Berita Orbit, Jakarta – Kementerian Lingkungan Hidup dan Kehutanan (KLHK) menyatakan tanaman kelapa sawit bukanlah tanaman hutan. Kesimpulan ini diperoleh dari berbagai peraturan pemerintah, analisis historis, dan kajian akademik berlapis.
“Dari berbagai peraturan, nilai historis, kajian akademik, wacana umum, dan praktik, sawit jelas bukan termasuk tanaman hutan dan pemerintah belum ada rencana untuk merevisi berbagai peraturan tersebut,” kata Direktur Jenderal Pengelolaan Hutan Lestari (Dirjen HPL) KLHK Agus Justianto melalui siaran pers pada Senin 7 Februari 2022.
Agus menyatakan, merujuk pada Peraturan Menteri LHK Nomor P.23 tahun 2021 pun tidak mengkategorikan sawit sebagai tanaman rehabilitasi hutan dan lahan.
Dia menambahkan, pemerintah saat ini fokus untuk menyelesaikan berbagai masalah yang terjadi sejak beberapa puluh tahun lalu yang mengakibatkan masifnya ekspansi penanaman sawit di kawasan hutan secara tidak sah.

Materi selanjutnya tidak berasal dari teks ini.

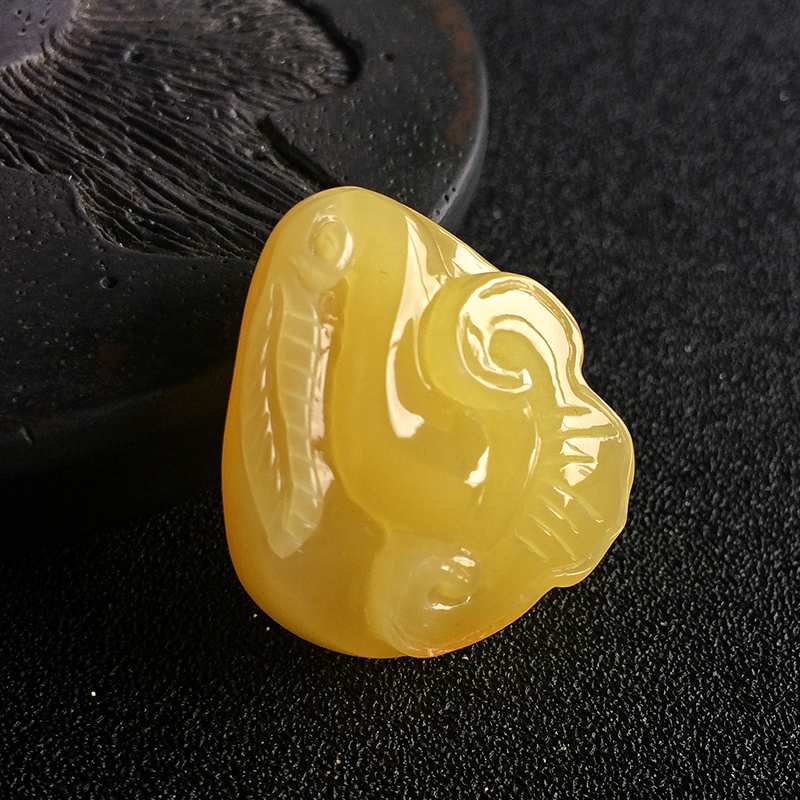 蜜蜡如意吊坠-红掌柜珠宝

Hal itu telah mengakibatkan berbagai masalah hukum, masalah ekologis, masalah hidrologis, dan masalah sosial yang harus diselesaikan.

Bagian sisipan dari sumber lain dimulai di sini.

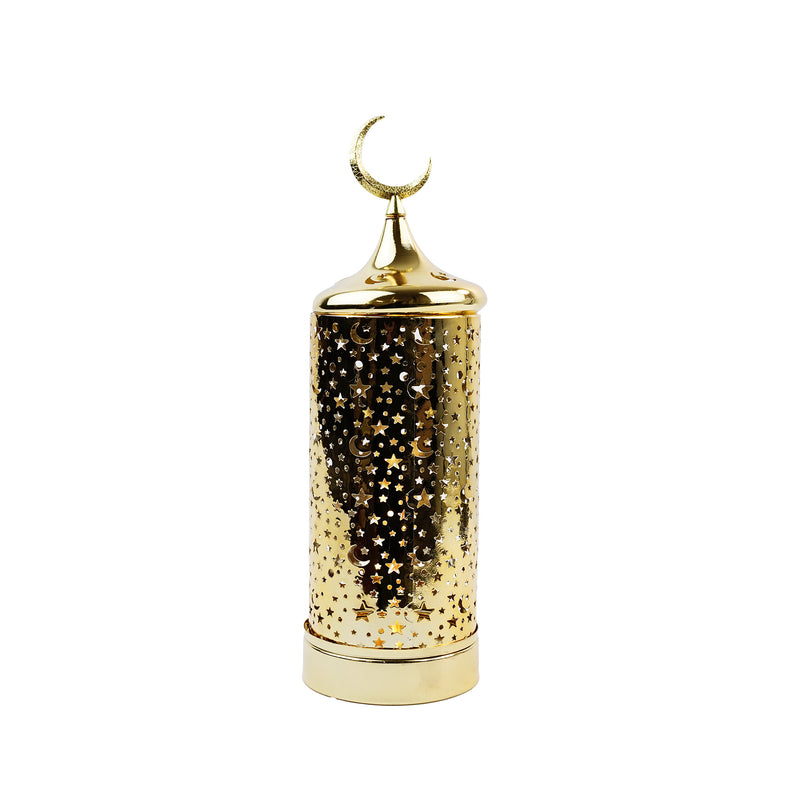 Shiny Gold Crescent Star Lantern Metal LED Lantern (20189)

“Mengingat hutan memiliki fungsi ekologis yang tidak tergantikan, dan kebun sawit telah mendapatkan ruang tumbuhnya sendiri, maka saat ini belum menjadi pilihan untuk memasukkan sawit sebagai jenis tanaman hutan ataupun untuk kegiatan rehabilitasi,” ungkapnya.
Untuk menyelesaikan infiltrasi sawit yang tidak sah atay keterlanjuran sawit masu ke dalam kawasan hutan maka KLHK akan menyelesaikannya dengan memenuhi unsur keadilan, kepastian hukum, dan kemanfaatan. Dengan demikian, penegakkan hukum yang dilakukan dapat memberikan dampak yang terbaik bagi masyarakat serta lingkungan.
Salah satu langkahnya ialah melalui regulasi jangka benah. Hal itu merupakan upaya untuk memulihkan fungsi kebun sawit rakyat monokultur menjadi kebun sawit campur dengan teknik agroforestry tertentu disertai dengan komitmen kelembagaan dengan berbagai pihak.
Adapun Peraturan Menteri LHK Nomor 8 tahun 2021 dan Peraturan Menteri LHK Nomor 9 tahun 2021 telah memuat regulasi terkait jangka benah, berupa penanaman tanaman pohon kehutanan di sela tanaman kelapa sawit. Adapun jenis tanaman hutan pokok untuk hutan lindung dan hutan konservasi harus berupa penghasil hasil hutan bukan kayu dan dapat berupa pohon berkau dan tidak boleh ditebang.
Dalam peraturan ini pun dimuat larangan menanam sawit baru. Begitu selesaisatu daur, maka lahan tersebut wajib kembali diserahkan kepada negara.
Selanjutnya, untuk kebun sawit yang berada di dalam kawasan hutan produksi, diatur diperbolehkan satu daur selama 25 tahun, sedangkan yang berada di dalam hutan lindung atau hutan konservasi hanya dibolehkan satu daur selama 15 tahun sejak masa tanam dan akan dibongkar kemudian ditanami pohon setelah jangka benah berakhir.
Jangka benah wajib dilakukan sesuai tata kelola perhutanan sosial, penanaman tanaman melalui teknik agroforestri yang disesuaikan dengan kondisi biofisik dan kondisi sosial, serta menerapkan sistem silvikultur atau teknik budidaya, tanpa melakukan peremajaan tanaman kelapa sawit selama masa jangka benah.
“Pendekatan ultimum remedium diambil sebagai tindakan jalan tengah yang adil dan baik bagi semua pihak termasuk untuk kelestarian hutan. UU Cipta Kerja juga telah memperjelas bahwa tanaman sawit bukan tanaman hutan karena ada proses menghutankan kembali melalui jangka benah. Dengan begitu, maka UU CK telah mempposisikan secara jelas bahwa sawit tetap tergolong tanaman perkebunan,” kata Agus.